The Subject Scientific Subject Matter Expert II will play a pivotal role in our operations, leveraging their deep subject matter expertise to conduct comprehensive research, analyze intricate scientific data, and communicate findings to FDA staff and stakeholders. The primary responsibilities of this role include:

• Perform in-depth research and analysis of complex scientific and medical information from regulatory applications, reports, and other authoritative sources
• Abstract and synthesize key data, insights, and findings from scientific documentation and studies
• Lead projects and initiatives focused on scientific research, data analysis, and report generation
• Draft detailed reports and presentations, effectively communicating technical information to FDA staff and subject matter experts
• Serve as a subject matter authority, providing guidance and expertise to cross‑functional teams
• Collaborate with stakeholders to ensure accurate interpretation and effective dissemination of scientific findings

Education: Advanced degree (master’s degree or higher) in a medical, life sciences, or closely related field.

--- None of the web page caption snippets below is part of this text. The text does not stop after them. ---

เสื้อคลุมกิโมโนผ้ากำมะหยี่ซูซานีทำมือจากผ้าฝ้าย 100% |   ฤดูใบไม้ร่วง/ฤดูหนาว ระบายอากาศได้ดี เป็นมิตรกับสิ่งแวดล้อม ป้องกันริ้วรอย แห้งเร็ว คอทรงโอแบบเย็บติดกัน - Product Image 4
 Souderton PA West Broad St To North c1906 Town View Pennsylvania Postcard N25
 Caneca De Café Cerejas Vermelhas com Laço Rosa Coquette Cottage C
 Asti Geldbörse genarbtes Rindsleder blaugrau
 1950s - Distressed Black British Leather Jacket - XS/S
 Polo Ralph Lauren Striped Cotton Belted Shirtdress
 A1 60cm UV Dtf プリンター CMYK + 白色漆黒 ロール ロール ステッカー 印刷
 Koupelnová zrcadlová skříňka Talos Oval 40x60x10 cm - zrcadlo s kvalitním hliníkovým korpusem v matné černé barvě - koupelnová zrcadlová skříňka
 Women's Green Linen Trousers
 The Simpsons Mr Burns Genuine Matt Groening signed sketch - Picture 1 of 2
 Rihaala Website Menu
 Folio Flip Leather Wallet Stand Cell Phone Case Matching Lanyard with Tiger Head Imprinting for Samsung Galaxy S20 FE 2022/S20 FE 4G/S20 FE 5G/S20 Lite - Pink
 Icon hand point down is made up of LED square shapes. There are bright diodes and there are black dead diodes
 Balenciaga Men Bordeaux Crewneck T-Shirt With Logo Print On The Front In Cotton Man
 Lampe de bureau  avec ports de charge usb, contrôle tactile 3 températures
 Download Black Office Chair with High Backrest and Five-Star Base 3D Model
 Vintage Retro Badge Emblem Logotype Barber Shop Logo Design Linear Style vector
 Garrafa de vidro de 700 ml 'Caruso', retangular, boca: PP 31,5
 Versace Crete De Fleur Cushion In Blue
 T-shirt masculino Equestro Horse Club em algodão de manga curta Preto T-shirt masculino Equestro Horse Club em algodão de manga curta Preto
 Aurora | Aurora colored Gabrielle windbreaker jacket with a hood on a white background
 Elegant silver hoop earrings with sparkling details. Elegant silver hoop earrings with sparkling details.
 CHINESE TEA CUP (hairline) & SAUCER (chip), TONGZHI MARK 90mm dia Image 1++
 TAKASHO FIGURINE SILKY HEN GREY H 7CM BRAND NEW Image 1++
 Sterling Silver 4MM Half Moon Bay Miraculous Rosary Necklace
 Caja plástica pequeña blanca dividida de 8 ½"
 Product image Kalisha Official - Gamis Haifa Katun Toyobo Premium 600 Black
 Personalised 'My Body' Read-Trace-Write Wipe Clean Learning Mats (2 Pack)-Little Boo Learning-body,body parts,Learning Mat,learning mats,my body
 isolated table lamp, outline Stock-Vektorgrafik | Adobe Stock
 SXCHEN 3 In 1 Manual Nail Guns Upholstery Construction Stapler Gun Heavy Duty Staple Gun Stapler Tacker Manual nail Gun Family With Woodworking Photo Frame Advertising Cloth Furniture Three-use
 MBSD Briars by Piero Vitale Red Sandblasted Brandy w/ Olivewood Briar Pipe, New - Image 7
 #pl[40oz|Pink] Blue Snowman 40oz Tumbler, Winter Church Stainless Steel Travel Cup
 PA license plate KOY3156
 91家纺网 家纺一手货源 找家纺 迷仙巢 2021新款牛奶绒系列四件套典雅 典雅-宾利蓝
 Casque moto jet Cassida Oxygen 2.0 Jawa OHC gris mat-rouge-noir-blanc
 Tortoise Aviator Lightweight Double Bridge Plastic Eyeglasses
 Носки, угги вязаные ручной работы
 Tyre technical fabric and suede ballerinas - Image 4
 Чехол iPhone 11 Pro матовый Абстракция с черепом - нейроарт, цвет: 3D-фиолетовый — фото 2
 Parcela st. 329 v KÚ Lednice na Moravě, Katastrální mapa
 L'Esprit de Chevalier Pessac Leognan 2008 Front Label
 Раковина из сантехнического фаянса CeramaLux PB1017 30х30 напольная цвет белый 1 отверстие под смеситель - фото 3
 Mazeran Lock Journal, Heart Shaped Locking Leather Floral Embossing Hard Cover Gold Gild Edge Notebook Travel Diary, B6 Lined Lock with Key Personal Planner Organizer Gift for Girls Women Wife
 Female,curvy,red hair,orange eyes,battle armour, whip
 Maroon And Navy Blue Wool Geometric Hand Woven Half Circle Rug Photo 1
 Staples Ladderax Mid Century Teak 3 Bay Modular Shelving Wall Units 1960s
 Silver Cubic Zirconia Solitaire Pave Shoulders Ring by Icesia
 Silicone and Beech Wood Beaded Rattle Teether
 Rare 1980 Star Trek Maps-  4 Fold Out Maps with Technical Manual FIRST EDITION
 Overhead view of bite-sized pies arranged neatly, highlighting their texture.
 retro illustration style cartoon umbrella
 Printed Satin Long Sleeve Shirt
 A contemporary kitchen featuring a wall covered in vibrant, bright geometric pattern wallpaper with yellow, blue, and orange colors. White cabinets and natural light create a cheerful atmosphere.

• Extensive expertise in researching and abstracting complex scientific and medical information from regulatory applications and scientific reports
• Experience leading projects, drafting reports, and presenting information to FDA staff or similar audiences (preferred)
• Exceptional research and analytical abilities, with a proven track record of synthesizing complex scientific and medical data
• Superb written and verbal communication skills, with the ability to convey technical information clearly and effectively
• Strong project management and leadership capabilities
• Proficiency in relevant scientific software, databases, and research tools
• Meticulous attention to detail and commitment to accuracy
• Ability to collaborate effectively with cross‑functional teams and stakeholders
• Ability to obtain a Public Trust

• Doctoral degree in a relevant field (e.g., life sciences, medical sciences, pharmacology)
• Experience in a regulated industry or government environment, with familiarity of FDA regulations and guidelines
• Expertise in specific scientific or medical domains such as biotechnology, clinical research, drug development
• Certifications or specialized training in areas such as medical writing, regulatory affairs, or scientific communication
• Strong presentation and public speaking abilities

The company is an equal opportunity employer. The company shall not discriminate against any employee or applicant because of race, color, religion, creed, sex, sexual orientation, gender, or gender identity (except where gender is a bona fide occupational qualification), national origin, age, disability, military/veteran status, marital status, genetic information, or any other factor protected by law. We are committed to equal employment opportunity in all decisions related to employment, promotion, wages, benefits and all other privileges, terms, and conditions of employment.

Equal Opportunity Employer/Veterans/Disabled. Shareholder Preference in accordance with Public Law 88‑352.